↓↓↓
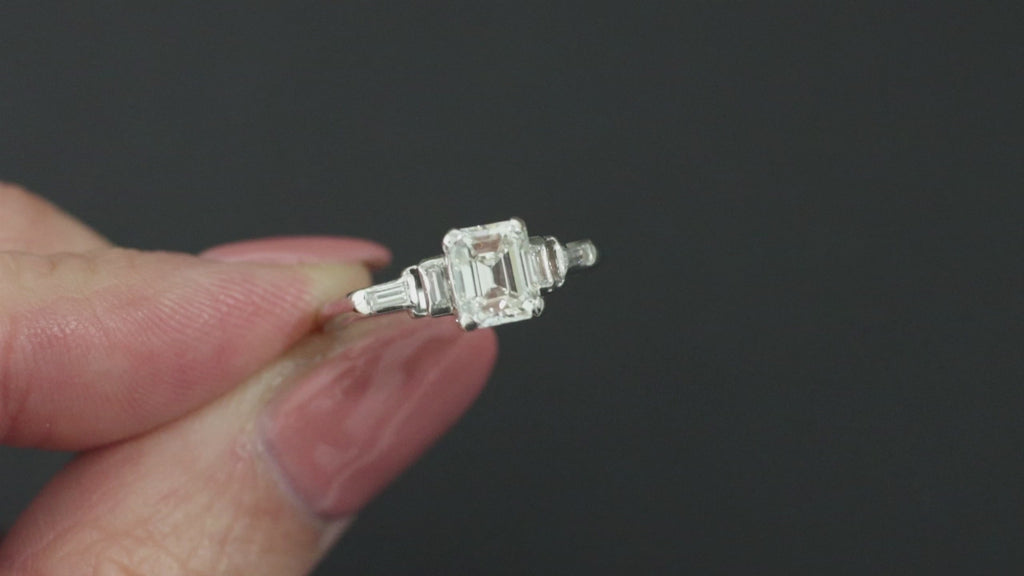 1 CARAT VINTAGE EMERALD CUT DIAMOND ENGAGEMENT RING PLATINUM ART DECO 1920s 1ct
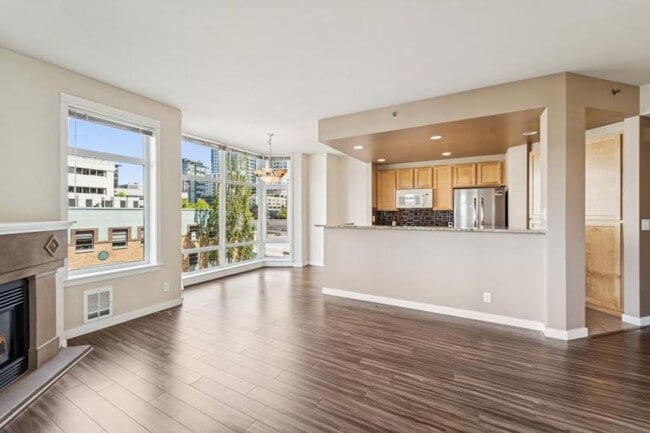 Building Photo - 1 bedroom in Seattle WA 98121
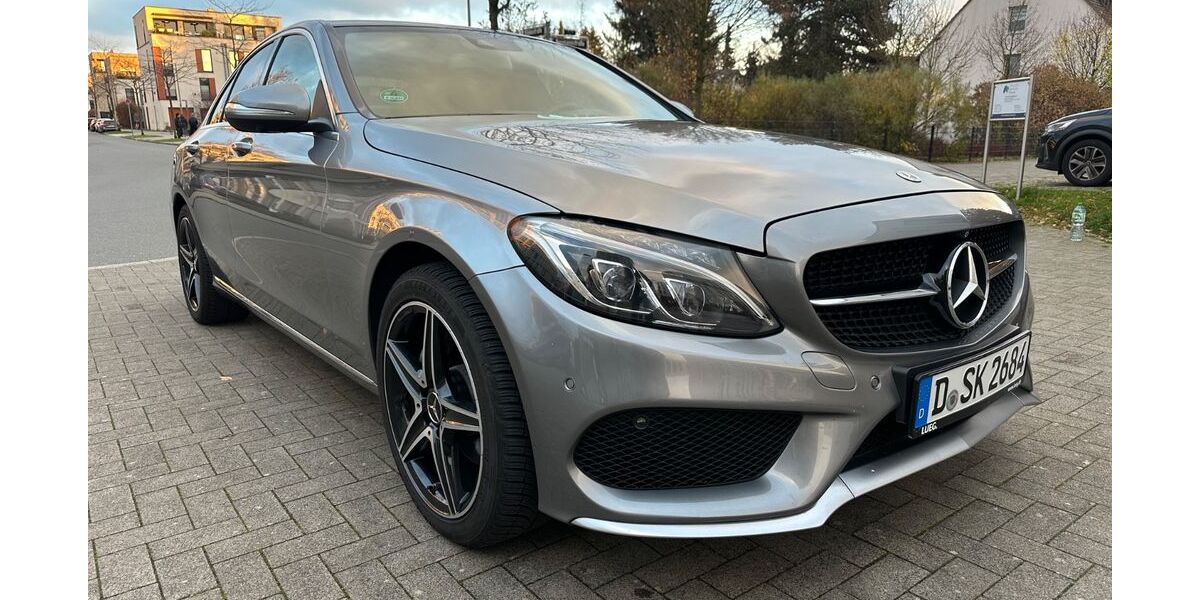 Mercedes-Benz C 250 152.500 km 18.490 € Düsseldorf 40235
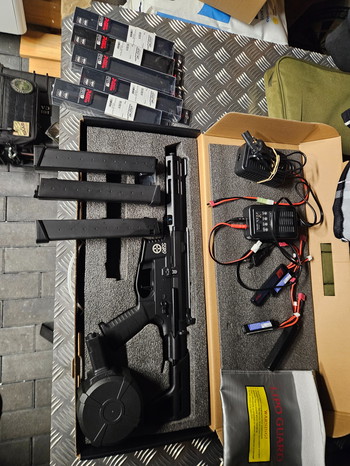 Imagen 2 de Nieuw ssr9 incl drum  en mags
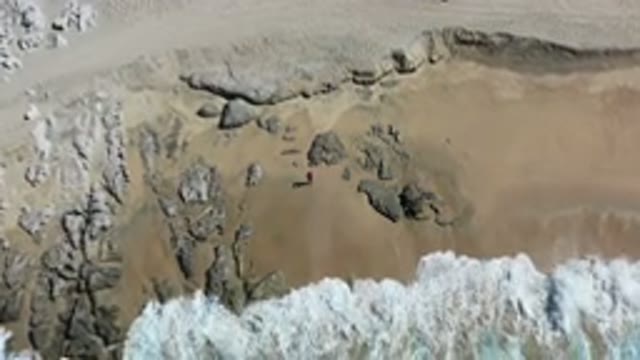 LOS CABOS MEXICO-2020: Ocean Breaking Beautiful Soothing Waves Relaxing Paradise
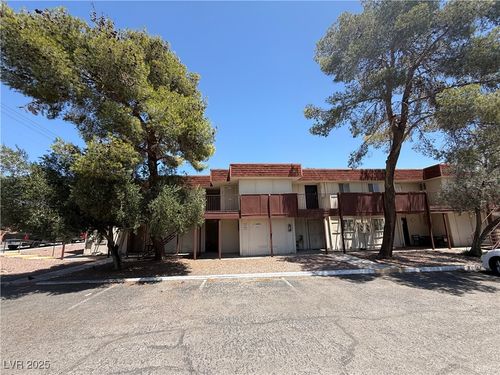 38-5352 Swenson St, Las Vegas, NV, 89119 | Card Image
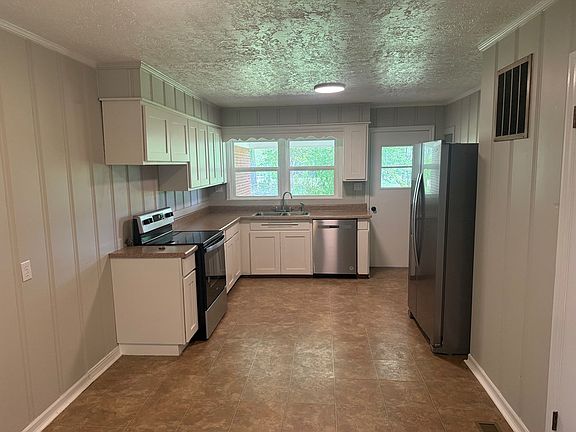 5th image of 3265 New Zion Rd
↑↑↑
WHAT THIS TASK INVOLVES: Pictures aren't part of the copy; return each record above exactly.

WORKED SOLUTION:
 1 CARAT VINTAGE EMERALD CUT DIAMOND ENGAGEMENT RING PLATINUM ART DECO 1920s 1ct
 Building Photo - 1 bedroom in Seattle WA 98121
 Mercedes-Benz C 250 152.500 km 18.490 € Düsseldorf 40235
 Imagen 2 de Nieuw ssr9 incl drum  en mags
 LOS CABOS MEXICO-2020: Ocean Breaking Beautiful Soothing Waves Relaxing Paradise
 38-5352 Swenson St, Las Vegas, NV, 89119 | Card Image
 5th image of 3265 New Zion Rd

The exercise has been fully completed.